"The Producer" is the fourth episode of the third season of Gilligan's Island, in which the castaways stage a musical version of Hamlet. It first aired in on October 3, 1966.
Synopsis
After curmudgeonly film producer Harold Hecuba crash lands near the island during an around-the-world talent hunt, the castaways are forced to tolerate him until his rescue plane arrives. When Ginger asks him for a role in his next movie however, Mr. Hecuba laughs at the idea, causing Ginger to become so upset that she refuses to return to civilization with the rest of the castaways. Hoping to change Mr. Hecuba's mind, Gilligan suggests that they perform a play for Mr. Hecuba so that he might reconsider Ginger's talent and ultimately decide to use her in a movie. From the limited resources available on the island, they create a musical version of William Shakespeare'sHamlet. The cast performs three songs for their show. These parody the "To be or not to be" speech of Act III, Scene 1; the "Get thee to a nunnery" exchange between Hamlet and Ophelia later in the same scene, and Polonius's "Neither a borrower nor a lender be" speech from Act I, Scene III. The episode employs dialog taken directly from the original work and musical passages from the operas Carmen and The Tales of Hoffmann. An example follows. Hecuba awakens as the castaways rehearse at night, taking over the production. When help arrives Hecuba departs alone, leaving behind all the others in order to take full credit for the musical version of Hamlet he intends to stage as his next project.

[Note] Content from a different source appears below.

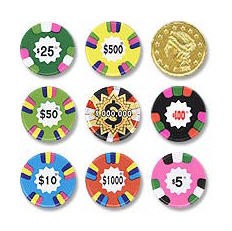 Chocolate Casino Chips (345 count) - Click Image to Close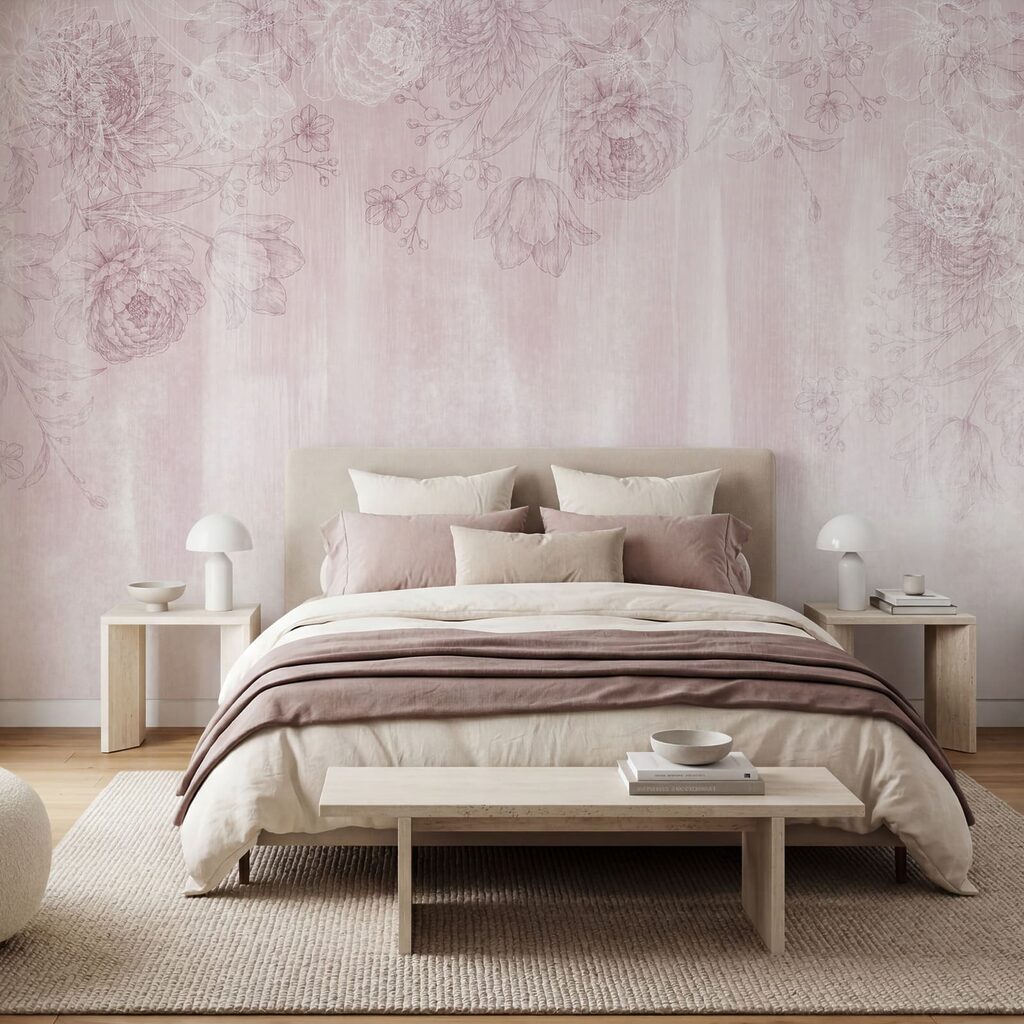 Motif floral rose et blanc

Although the show Gilligan's Island seldom earned awards of any sort, "The Producer" was selected by TV Guide as one of the 100 greatest television episodes of all time. In Gilligan Unbound: Pop Culture in the Age of Globalization, Paul A. Cantor terms the Hamlet production a "full-scale Broadway show" and notes the episode as "evidence of the degree of sophistication the castaways are able to achieve in their supposedly primitive state..." Cantor also observes in an introduction to Hamlet that this episode is one of several recent examples that demonstrate the enduring popularity of Shakespeare's play, since audiences continue to recognize references to the centuries-old drama. Cantor places the episode within the framework of a tradition of Hamlet parodies that dates back to the nineteenth century. Yet Michael D. Bristol interprets these parodies, including the Gilligan's Island episode, as reflective of "a distinctively modern experience of subjectivity" in Shakespeare's version of the character.
Trivia
Listed as the number 3 greatest sitcom episode of all time according to the book Inside TV Land.